DATA FOR THE TASK Start Marker
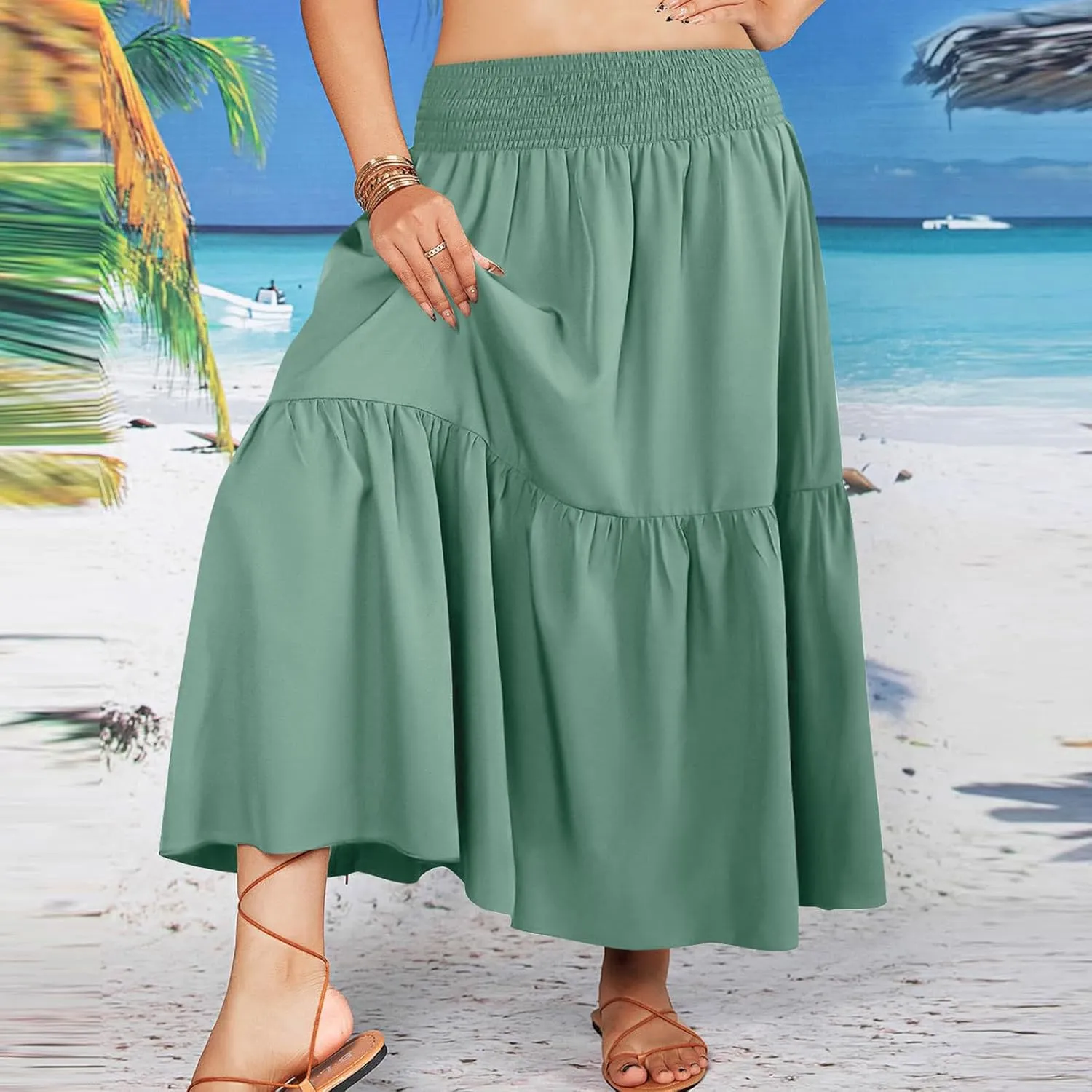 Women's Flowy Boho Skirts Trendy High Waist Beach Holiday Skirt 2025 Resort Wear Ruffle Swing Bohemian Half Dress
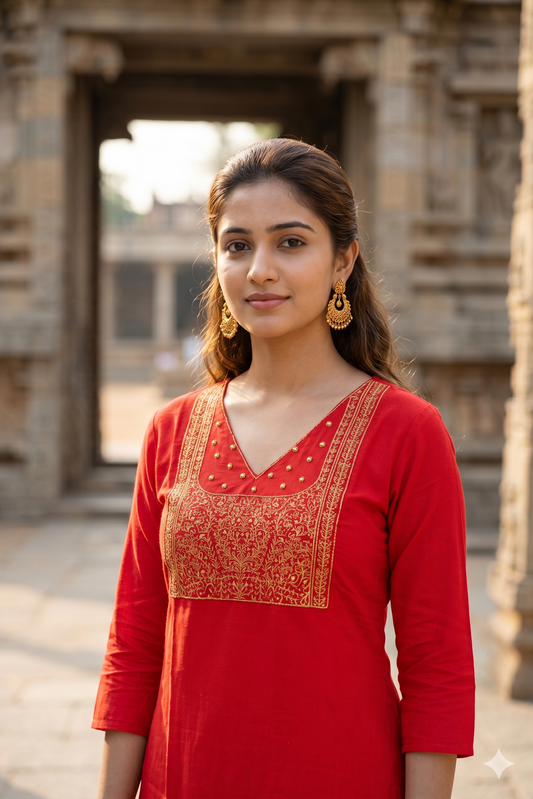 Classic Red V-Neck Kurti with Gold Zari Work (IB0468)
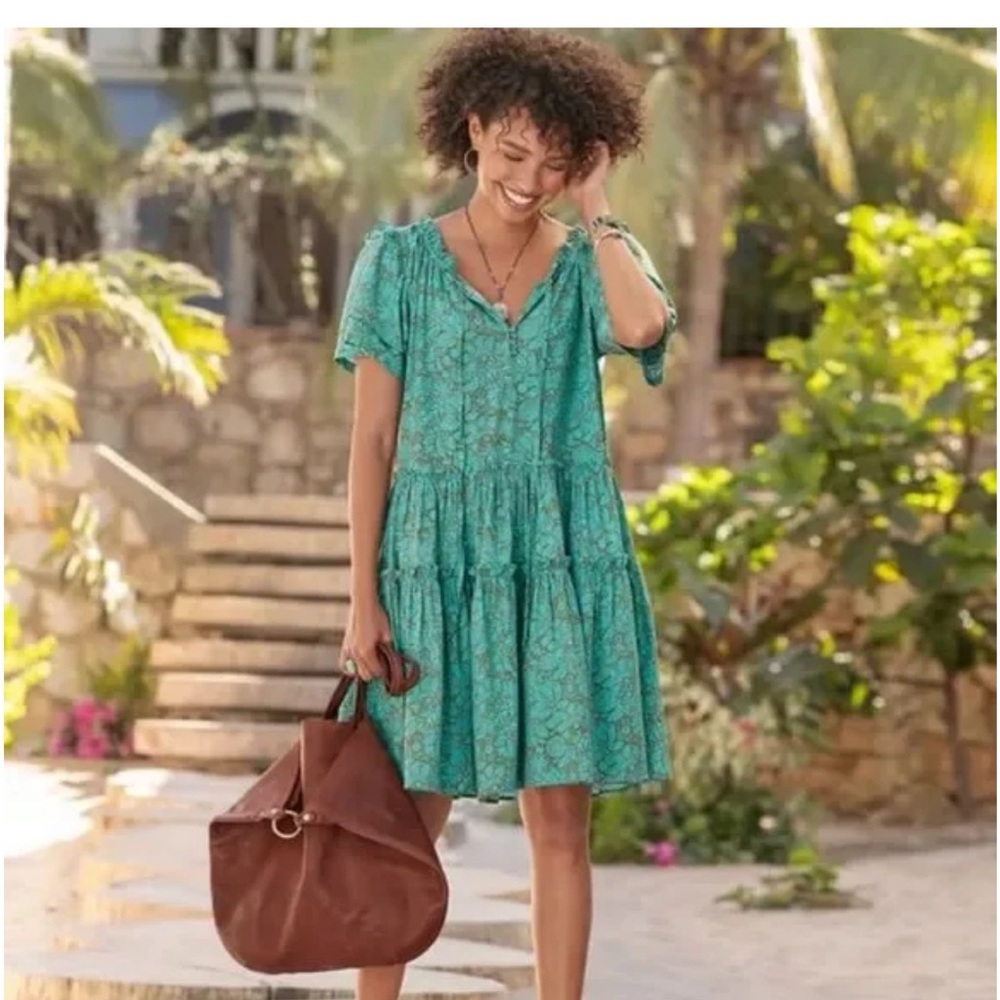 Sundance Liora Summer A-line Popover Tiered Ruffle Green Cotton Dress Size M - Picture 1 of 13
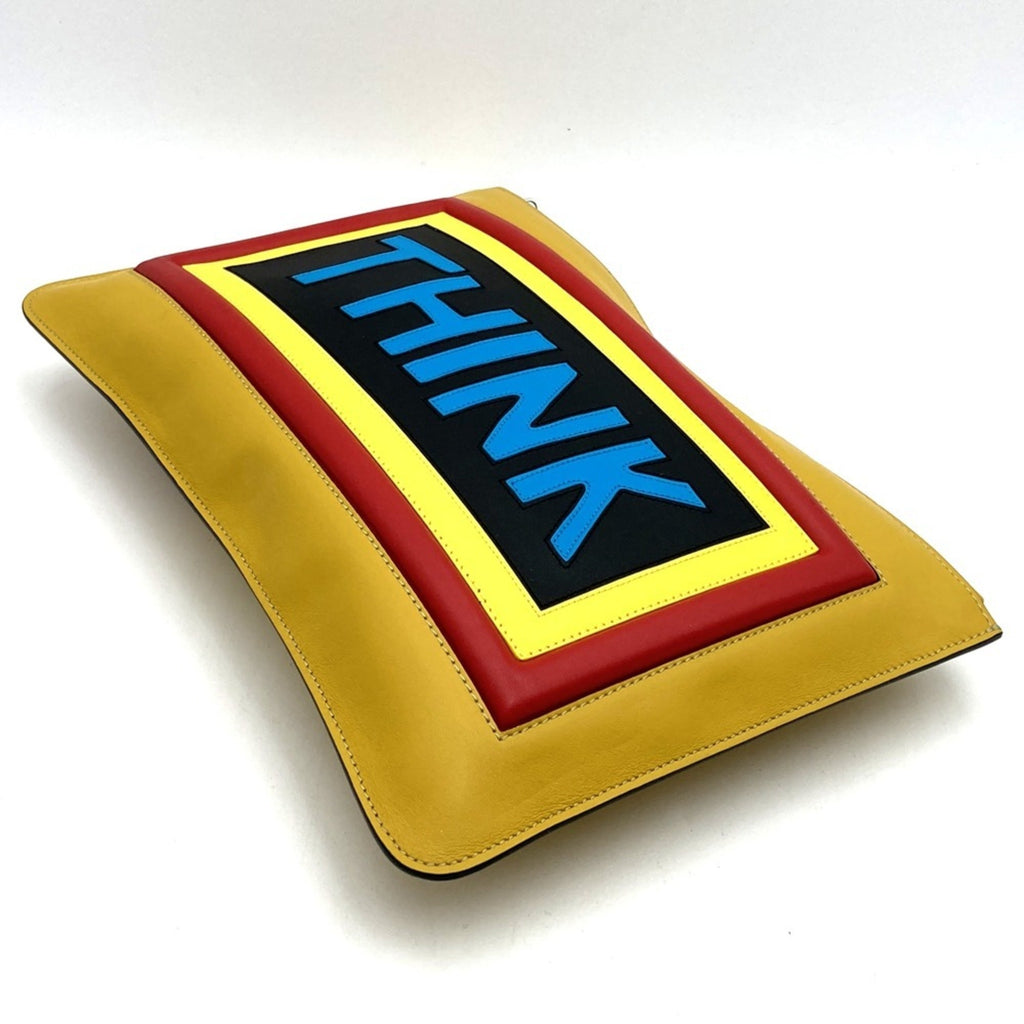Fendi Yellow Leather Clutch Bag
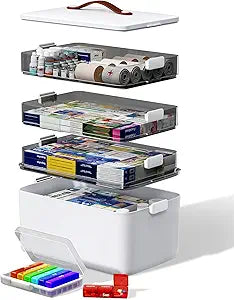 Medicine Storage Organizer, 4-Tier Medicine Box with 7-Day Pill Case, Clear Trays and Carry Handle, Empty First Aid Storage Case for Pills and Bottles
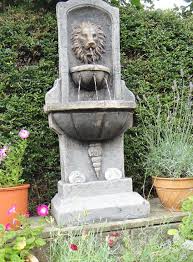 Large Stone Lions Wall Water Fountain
DATA FOR THE TASK End Marker
DATA FOR THE TASK Start Marker
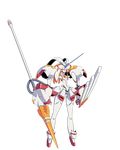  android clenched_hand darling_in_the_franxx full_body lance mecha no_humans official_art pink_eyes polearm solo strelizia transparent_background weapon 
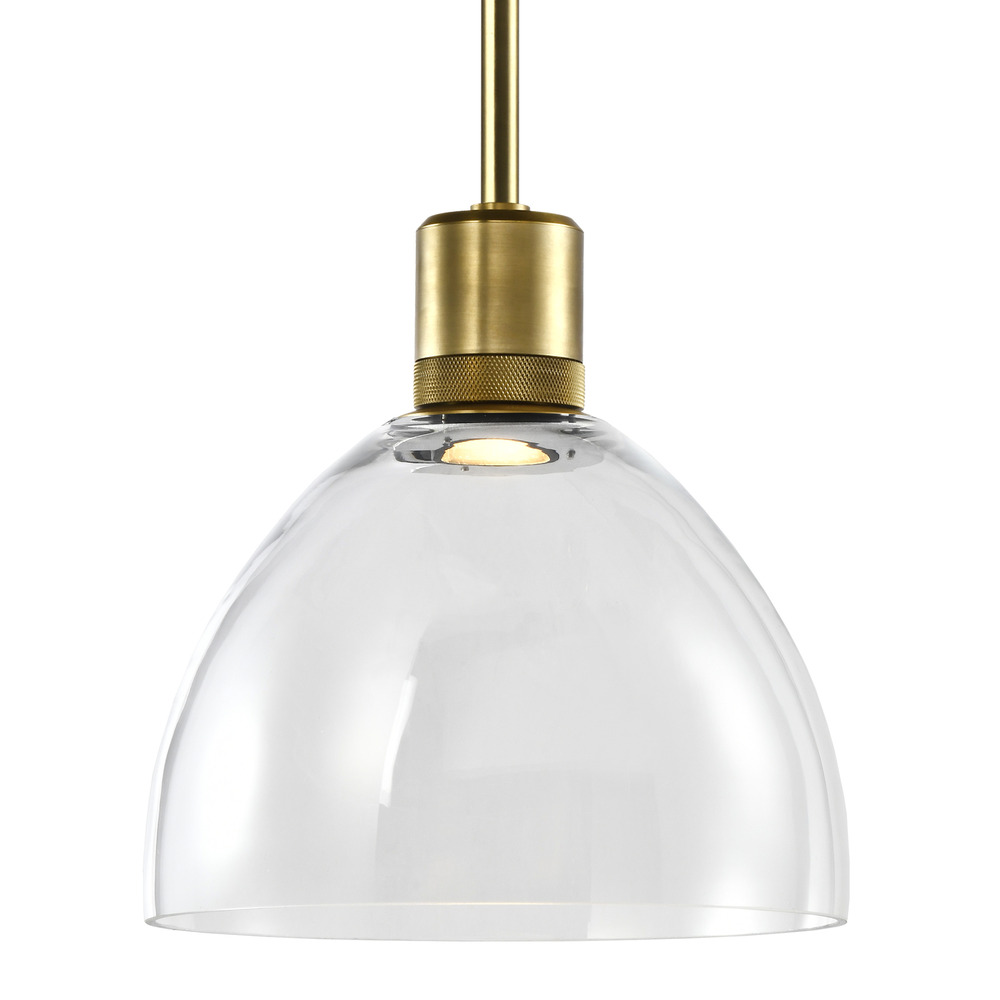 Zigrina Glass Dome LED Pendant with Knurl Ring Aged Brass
DATA FOR THE TASK End Marker
■ **WHAT IS REQUIRED**: Word for word, restate the lines above from the one with "Classic Red V-Neck" through the one with "Large Stone Lions Wall Water Fountain", keeping both ends and dropping the pictures.

■ **RESULT BELOW**:
 Classic Red V-Neck Kurti with Gold Zari Work (IB0468)
 Sundance Liora Summer A-line Popover Tiered Ruffle Green Cotton Dress Size M - Picture 1 of 13
Fendi Yellow Leather Clutch Bag
 Medicine Storage Organizer, 4-Tier Medicine Box with 7-Day Pill Case, Clear Trays and Carry Handle, Empty First Aid Storage Case for Pills and Bottles
 Large Stone Lions Wall Water Fountain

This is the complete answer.